During the warmer episodes of the Middle Pleistocene, a myriad of big and beautiful creatures lived in Southern and Eastern Europe. It was not just massive elephants making a living here. There were also wild horses and deer to rhinos, hippos and steppe bison. It was a time of mild summers and the European megafauna had plenty of grazing to do. A few of these big mainland animals did make it across the young Mediterranean though, and once they did, some discovered a new and harsh world of bare rocks, hills and scrublands. For many of the biggest animals there was no choice but to downsize, sometimes so remarkably that by the end of the process they would be virtually unrecognizable. We sometimes call islands evolutionary laboratories since many unique animals and plants may live there. Often these creatures are isolated from mainland populations, thus allowing them to have their own independence in terms of form, habits, diet or otherwise. The condition was the same thousands of years ago, and it shows quite starkly from the Mediterranean fossils.
We have not just pygmy elephants but also pint-sized hippos, deer and wild dogs spread out across the Greek islands. This phenomenon of shrinking is known as insular dwarfism. Simply put, it is the “island rule” at work. According to this general rule, huge animals grow smaller on smaller landmasses due to a lack of sufficient space or nutrition. A small body is easier to fuel than a big one. Conversely, smaller animals may become very large in response to being isolated and far from advanced predators and competition. The dwarfism or gigantism does not happen evenly though, and several factors come into play when an animal changes this much.

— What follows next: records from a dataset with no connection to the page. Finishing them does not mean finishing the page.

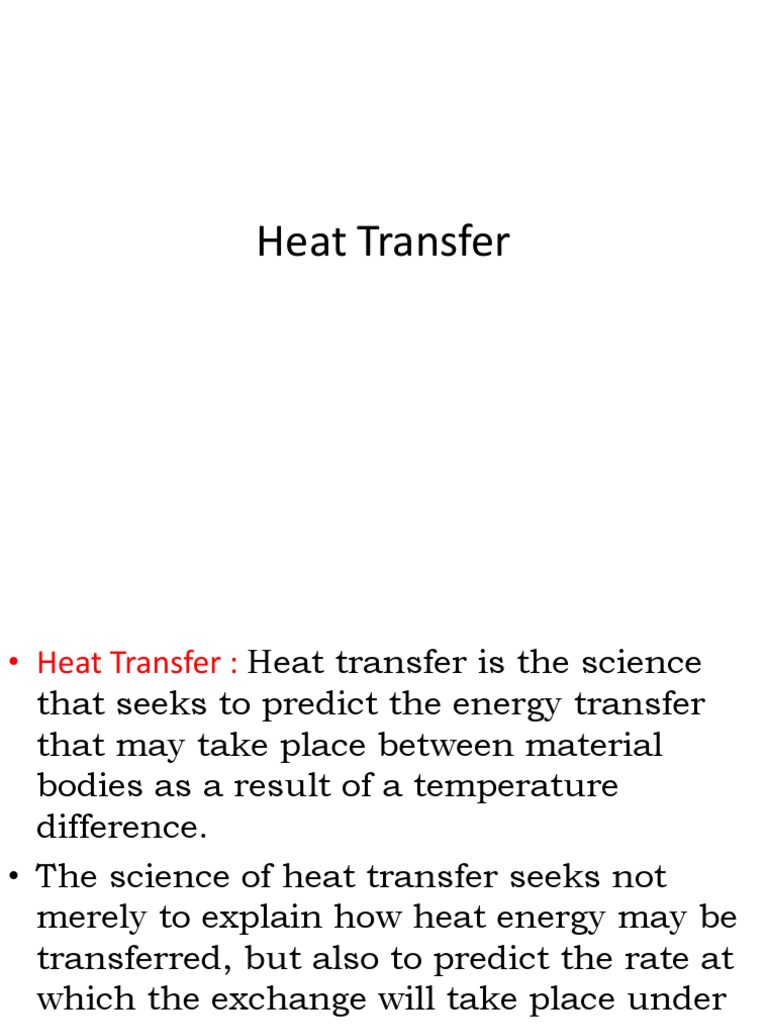 Heat Transfer | PDF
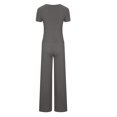 thumbnail image 5 of Ensembles de Printemps pour Femmes 2024 Ensemble Jupe 2 Pcs pour Femmes Ensemble de Vêtements Femme Col Rond Manches Courtes Hauts Pantalons Ensembles Pantalons Style Pantalon S_6 Survêtements pour Femmes Gris Foncé m, 5 of 5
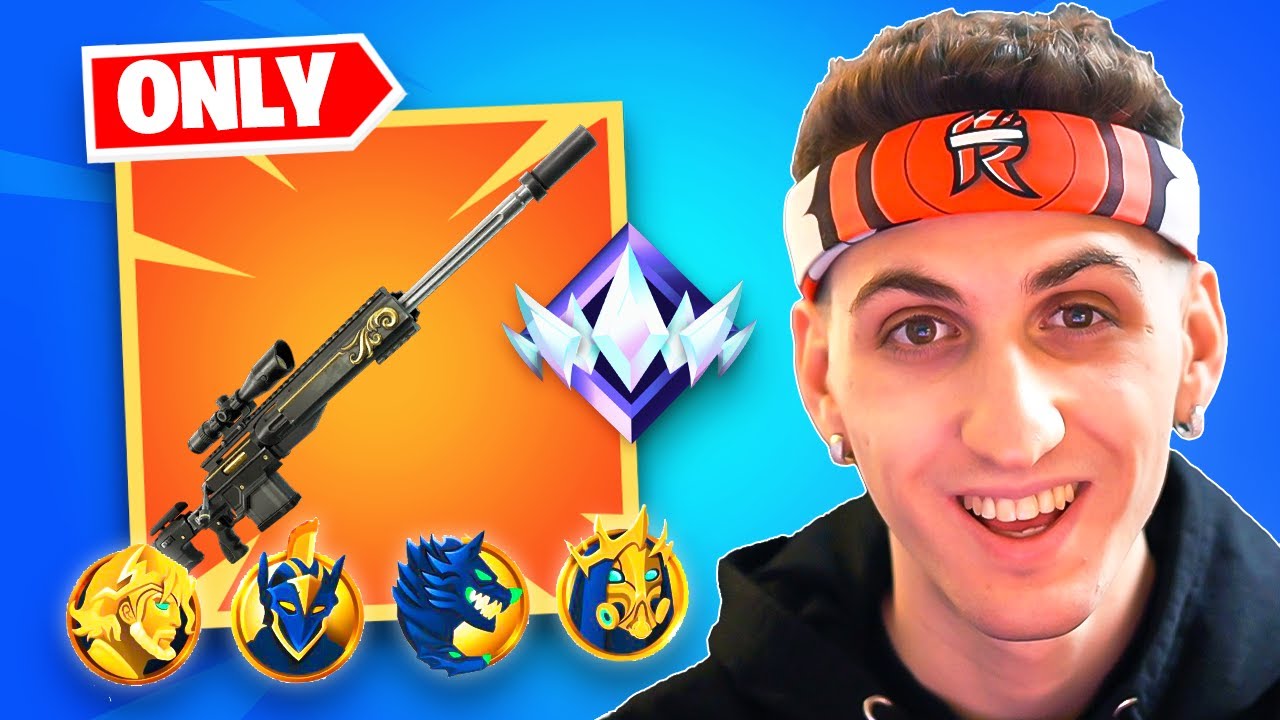 I Got ALL Medallions in RANKED Using Snipers ONLY!
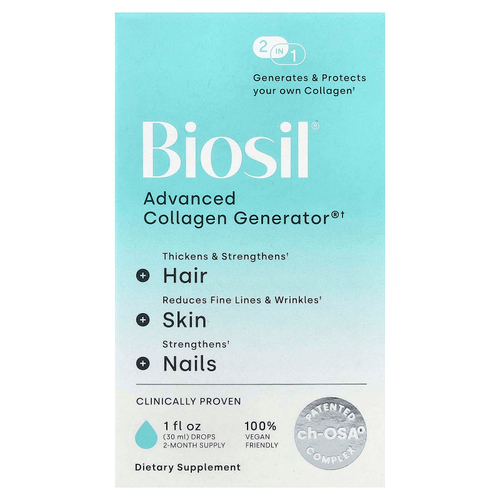 Biosil, Advanced Collagen Generator®, добавка для стимуляции выработки коллагена, 30 мл (1 жидк. унция)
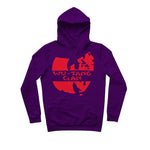 sweat capuche épais violet hiphophood wu tang clan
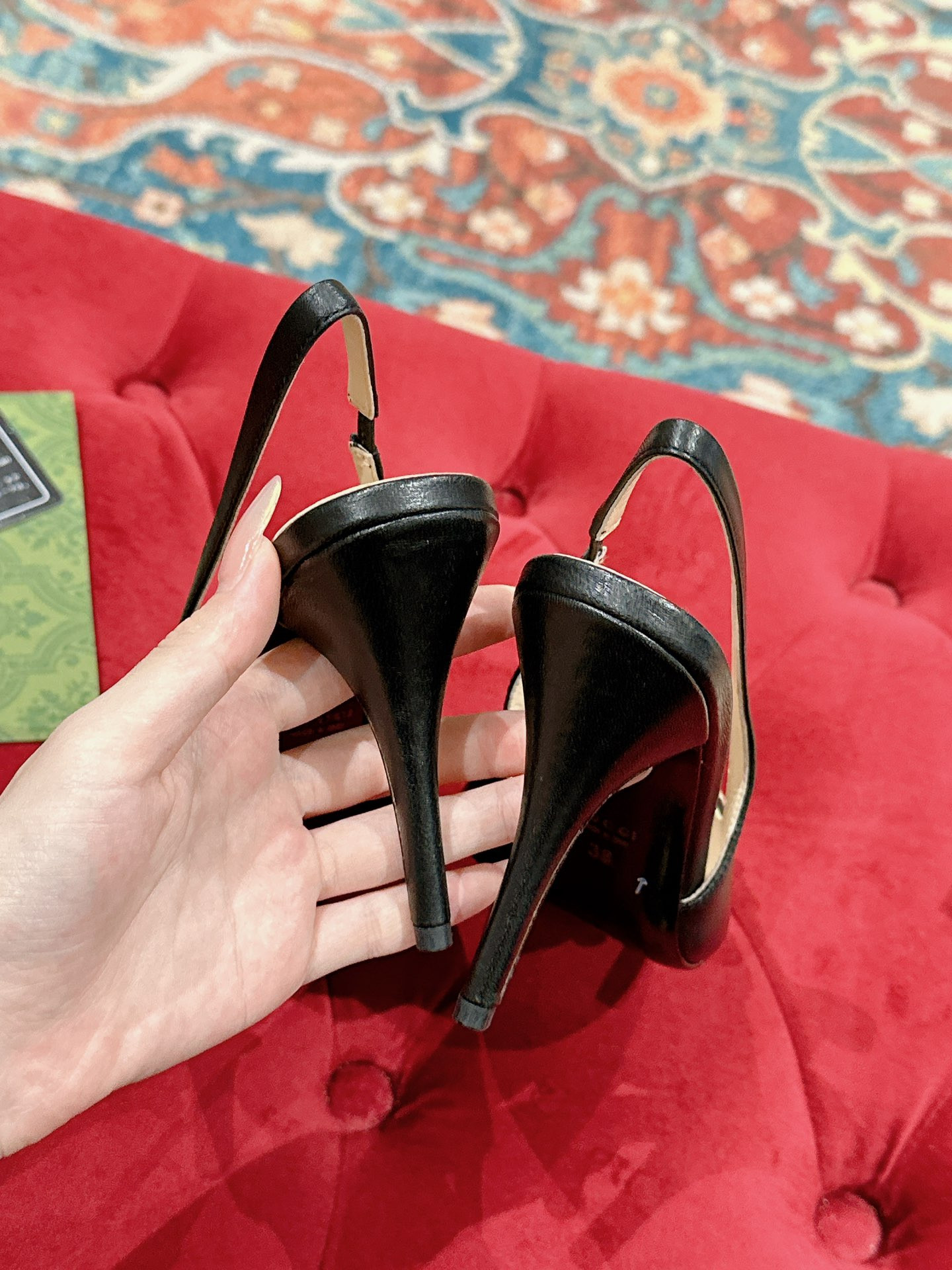 UA Gvc*1 HORSEBIT SLINGBACK PUMP HIGH HEEL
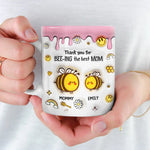 A Sweet Way To Celebrate The Love Between Mom And Daughter - Family Personalized Custom 3D Inflated Effect Printed Mug - Gift For Mom, Daughter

Availability of food and water, terrain, temperature regulation and space all need to be considered when an animal takes either direction. Thus we see normal-sized rats and mice living comfortably alongside diminutive elephants or hippopotamses on Sicily. Yet we also have a species of giant swan here that went extinct due to climate change during the mid-Pleistocene, a good example of insular gigantism. Neither are all pygmy Palaeoloxodon species the same size, or even the same shape. Instead they vary from island to island, the same as the other ex-megafauna. Some Maltese specimens indicate animals as tall as a grown man while the Spinagallo specimens indicate the smallest sizes. All these remains paint an incredible picture of a bizarre island ecosystem. Palaeoloxodon falconeri was thus not just a carbon copy of its continental giant kin. Rather it was its own unique animal, part of a fauna that would seem out of place anywhere else.
All in all these pint-sized elephants were unique, lost in their own world and unable to survive without it. It would be a while before climatic shifts would cool Europe, bringing temperatures down to freezing extremes. Some of the island dwarfs would survive the changes while some would not. A few enterprising pygmies would keep pulling through though, even to the point of near survival past the end of their era. These little pioneers would leave bones so fresh that archaic civilizations would one day include them in their mythologies many millennia later. It would be but a reminder of a time when the Greek islands were crawling with miniscule elephants no higher than a grown man’s waist.